If those ads convince would-be buyers to skip over Apple's Mac, so much the better.
But Microsoft's stable of PC manufacturers are setting themselves up for an impossible war on two fronts.
On one hand, they're fighting the fact that cheaper mobile devices - smartphones and tablets - are taking the place of the PC for many people, for many functions. On the other hand, they're trying to steal market share from Apple, which sells high-end computers that make up only 6 percent of the personal computing market anyway.
Only Microsoft can win this war.
Mobile on the low end
You have to feel for the PC manufacturers. Thanks to stuff like touchscreens, better batteries, and crazy-sharp screens, computers today are a lot different than the computers of a half-decade ago.
But a lot of people don't realize this. That's because in the last five years or so, consumers have been moving away from the traditional mouse-and-keyboard computing approach, and towards cheaper smartphones and tablets.
A mobile device is now the primary computer in many homes. In offices and dorm rooms, a laptop with a keyboard and mouse is par for the course. But in many households, an iPhone or Kindle Fire tablet is all people need.
Microsoft
So the problem isn't necessarily that Windows laptops are bad (though there is certainly room for improvement, especially on low-end models). It's that Windows itself matters less and less.
But where Microsoft's PC manufacturers are betting everything on hardware, Microsoft is future-proofing its business with subscription services that work on any device, no matter what happens to the PC market.
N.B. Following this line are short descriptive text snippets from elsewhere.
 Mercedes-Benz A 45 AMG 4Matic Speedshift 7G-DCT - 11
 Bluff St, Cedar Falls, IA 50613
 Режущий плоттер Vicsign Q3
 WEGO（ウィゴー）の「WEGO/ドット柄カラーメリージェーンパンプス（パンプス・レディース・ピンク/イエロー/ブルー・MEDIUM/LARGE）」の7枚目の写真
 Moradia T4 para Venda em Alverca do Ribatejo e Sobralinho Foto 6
These PC makers don't have that luxury.
The Mac on the high end
For a long time, Apple's Mac has bucked the PC market trend by growing sales.
But Apple only accounted for 6% of the total PC market at the end of 2014, and Mac sales are slowing down for the first time in years.
Apple is fine with this niche market because it has no competition - it's the only company that makes computers running its OS X operating system, which has a distinctly different user experience than Windows. As a result, it can get away with charging relatively high prices for Macs, and plow some of the proceeds back into making new cutting-edge hardware features.
But the Windows PC market is split between Lenovo, Dell, HP, Asus, Acer, and everyone else. So even if this ad campaign steals away every single Mac customer, each vendor would probably only get a slight uplift in their sales. They're all fighting for a bigger piece of a shrinking pie.
The brutal competition between PC makers is why Microsoft made the Surface tablet and the Surface Book laptop in the first place: Its partners are so focused on cost-control to squeeze the last drops of profit from a shrinking market, Microsoft believes they don't have enough financial incentive to drive the overall PC market forward. Microsoft obviously felt the need to lead the way into the future.
If that leadership translates into a profitable hardware business for Microsoft, so much the better.
The fact that all of these business rivals teamed up for an advertising push shows that they understand the situation. But the light at the end of the tunnel may simply be an approaching train.